Britannia has five main decks. Tours start at the Bridge, and then go to the State Apartments, Crew's Quarters and Engine Room. (Note: we found the ‘below stairs’ areas the most interesting.) The yacht’s décor is not fancy, but utilitarian and rooted in the past.
Britannia’s State Apartments were designed by Sir Hugh Casson in a 1950s style. The State Drawing Room is the main reception room and was used for relaxing, conversation and games. The State Dining Room also hosted guests.
The Queen’s Sitting Room was used by the Queen for working on State papers and meeting with secretaries. The Sun Lounge, an informal space, was the Queen’s favourite room. Breakfast and afternoon tea took place here. It looks out on the large deck. The Queen’s Bedroom and Prince Philip's are linked by an interconnecting door. The Honeymoon Suite was used for four Royal honeymoons.

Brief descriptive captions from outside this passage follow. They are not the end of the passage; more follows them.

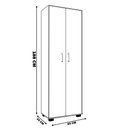 Ver imagem 3 de Estante de Livros para Escritório Mdp Texturizado Home Office Portas Grandes Alf Preto G47 - Gran Be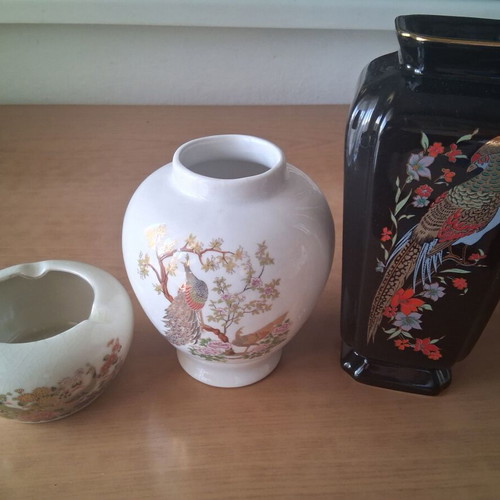 Vintage Asian Porcelain Set - 2 Vases & Ashtray (Satsuma / Oriental Style)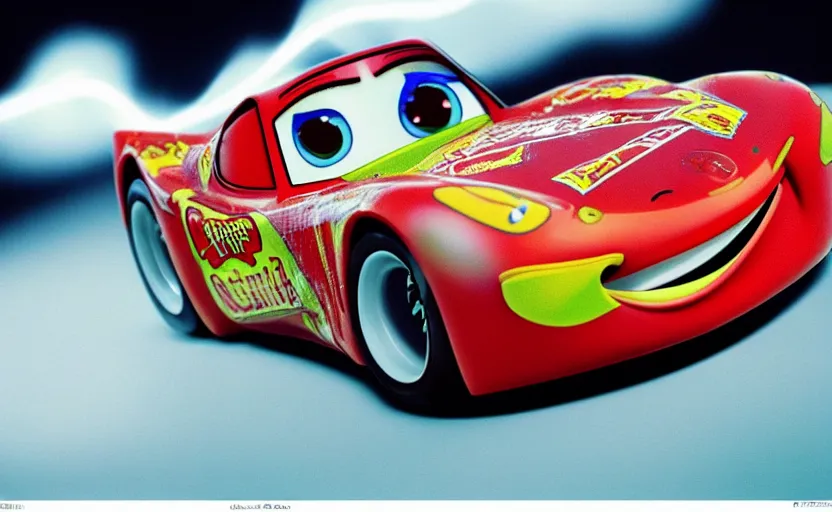 Image similar to fractal lightning mcqueen from cars, cookbook photo, in 1 9 9 5, y 2 k cybercore, industrial photography, still from a ridley scott movie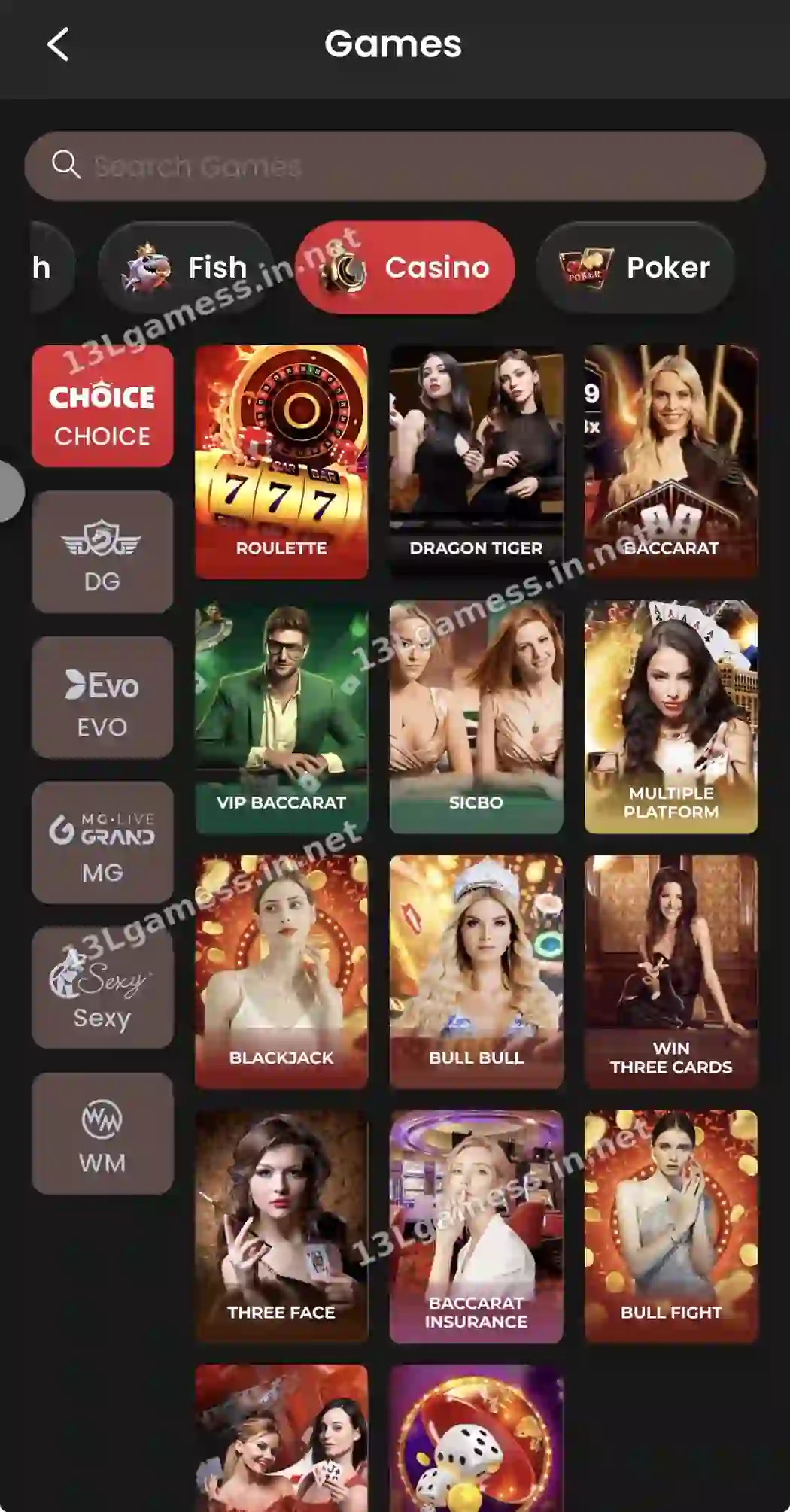 13L Game casino category displaying table-style game tiles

Also on view are the sick bay and laundry (below deck), the engine room, and the onboard Rolls-Royce Phantom V that actually travelled on the ship. The laundry served over 240 officers and yachtsmen.
In addition to two galleys that served the officers and crew, Britannia had a Royal Galley located immediately ahead of the State Dining Room. The Queen’s food was prepared here by the chefs from Buckingham Palace. The storerooms held two month's supply of fish and meat and fresh bread was baked daily.
There is a Royal Sailing exhibition which highlights the 1930s ocean-racing Royal Racing Yacht Bloodhound (not on display during July and August). Most of the items on view on the ship are the originals, on loan from the Royal Collection and other contributors. The Britannia Wardroom Officers' Trust has its own collection of artefacts on display. The silverware collection includes two silver Cromwellian urns dating back to 1909 and a silver Pegasus bowl depicting four previous Royal Yachts.
The Britannia visitor centre is at Ocean Terminal shopping mall and connects to the yacht.
Royal Yacht Britannia
Ocean Terminal, Leith, Edinburgh
Edinburgh and the Lothians
Tel. 0131 555 5566 (information and booking line)
Open: year round, daily except Christmas and New Year; Jan, Feb, March, Nov, Dec, 10am-3.30pm; April, May, June, Sep, Oct, 10am-4.30pm; July, Aug, 9.30am-4.30pm; closes 1.5 hours after last admission; pre-book tickets for a specific date in August; other times not necessary to pre-book
Shop; tea-room; free parking at Ocean Terminal
Web: Royal Yacht Britannia
Note: most rooms are behind glass or roped off.